Asian stocks fell this week, with the benchmark index capping its first weekly loss in five weeks, after Chinese data fueled concern about an economic slowdown and a rise in the yen sent Japanese shares lower.
Jiangxi Copper Co (江西銅業), which earns 92 percent of its revenue from China, dropped 5.8 percent in Hong Kong after prices for the metal slumped on concern that Chinese demand will weaken, while Toyota Motor Corp, a carmaker that generates 75 percent of its revenue abroad, lost 5.7 percent in Tokyo.
Also dropping this week were Malaysian Airline System Bhd, which fell 4 percent after one of its planes disappeared with 239 people aboard on March 8 and New World Development Co (新世界發展), which lost 17 percent after proposing to privatize its China property unit for HK$18.6 billion (US$2.4 billion).
The MSCI Asia Pacific Index conformed to the downward trend, sliding 3.5 percent to 134.32 this week in its steepest one-week decline in almost two years amid speculation that China would miss its 7.5 percent growth goal.
“The market started to pay more attention to negative data points,” White Funds Management managing director Angus Gluskie said.
China’s leaders are “using fiscal and monetary policy to control areas of growth, but investors are being cautious and I think they are getting nervous about what they say,” Gluskie added.
In Taipei, the TAIEX fell 0.69 percent, or 60.16 points, to close the week on 8,687.63, compared with 8,713.96 on March 7.

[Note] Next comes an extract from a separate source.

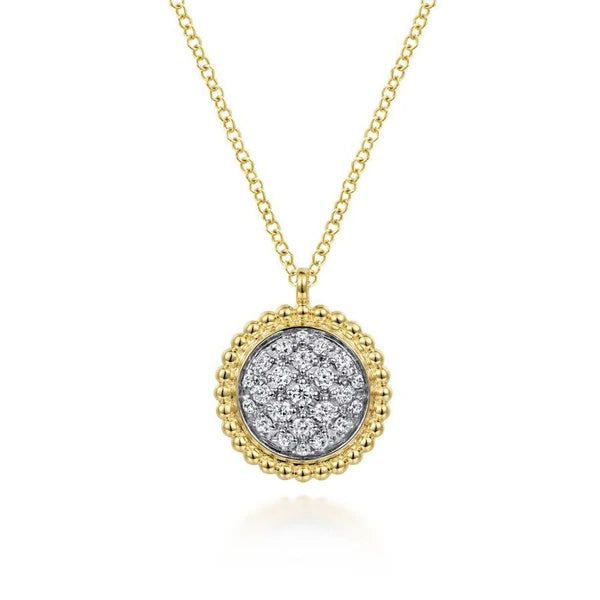 14K Yellow Gold Bujukan and Diamond e Pendant Necklace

On Friday, Taiwan Semiconductor Manufacturing Co (台積電) slipped 1.29 percent to NT$115, while Hon Hai Precision Industry Co (鴻海精密) lost 0.7 percent to close at NT$85.5
In Hong Kong, the Hang Seng China Enterprises Index of mainland companies listed, also known as the H-share index, dropped 4.2 percent. The gauge is more than 19 percent down from a high on Dec. 2 last year and is nearing a so-called bear market. The Hang Seng Index also declined this week, falling 4.9 percent in the biggest decline since May 2012, while the Shanghai Composite Index lost 2.6 percent.
China’s factory production increased 8.6 percent annually in the January-to-February period, the Chinese National Bureau of Statistics said on Thursday, compared with the 9.5 percent median projection of analysts surveyed by Bloomberg News, while retail sales rose 11.8 percent, missing expectations for a 13.5 percent gain in the period.

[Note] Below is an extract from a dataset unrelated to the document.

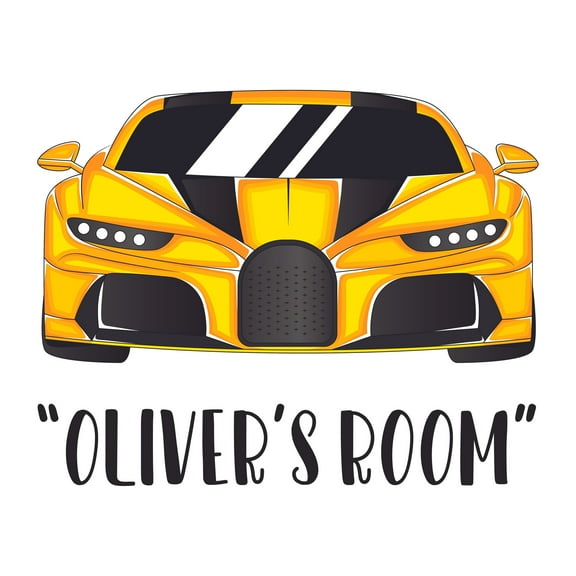 CARS & VEHICLES - Customized Name Décor Yellow Sports Car Vehicle Front View Design Vinyl Kids Teens Bedroom Wall Decal Sticker - Adhesive Modern Super Car Wall Decoration 10" x 8"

Aggregate financing in China decreased to 938.7 billion yuan (US$153 billion) last month amid a crackdown on shadow lending, a government report this week showed. That compares with January’s record 2.58 trillion.
Chinese exports slid the most since 2009 last month, a separate report showed.
In Japan, the TOPIX slid 5.8 percent, its biggest weekly decline since June last year, while the smaller Nikkei 225 Stock Average lost 6.2 percent. Exporters slid after the yen rose as much as 0.5 percent to 101.36 to the US dollar.
Elsewhere in the region, South Korea’s KOSPI fell 0.3 percent, Australia’s S&P/ASX 200 Index dropped 2.4 percent after data showed companies boosted full-time payrolls last month by the most in more than 22 years and in Singapore, the Straits Times Index declined 2 percent.
In Wellington, the NZX 50 Index slid 0.9 percent this week after the Reserve Bank of New Zealand raised its key interest rate to make New Zealnd the first developed market nation to exit record-low borrowing costs this year.
On Friday, the NZX slid 0.64 percent, or 32.66 points, from Thursday to close on 5,079.32.
The MSCI Asia-Pacific gauge ended the week trading at 12.65 times estimated earnings, compared with multiples of 15.66 for the Standard & Poor’s 500 Index and 14.04 for the STOXX Europe 600 Index, data compiled by Bloomberg show.
In other markets on Friday:
Mumbai closed 22.55 points up from Thursday to finish the week at 21,797.16 points.
Manila closed 0.60 percent lower, giving up 38.55 points to close on 6,391.24.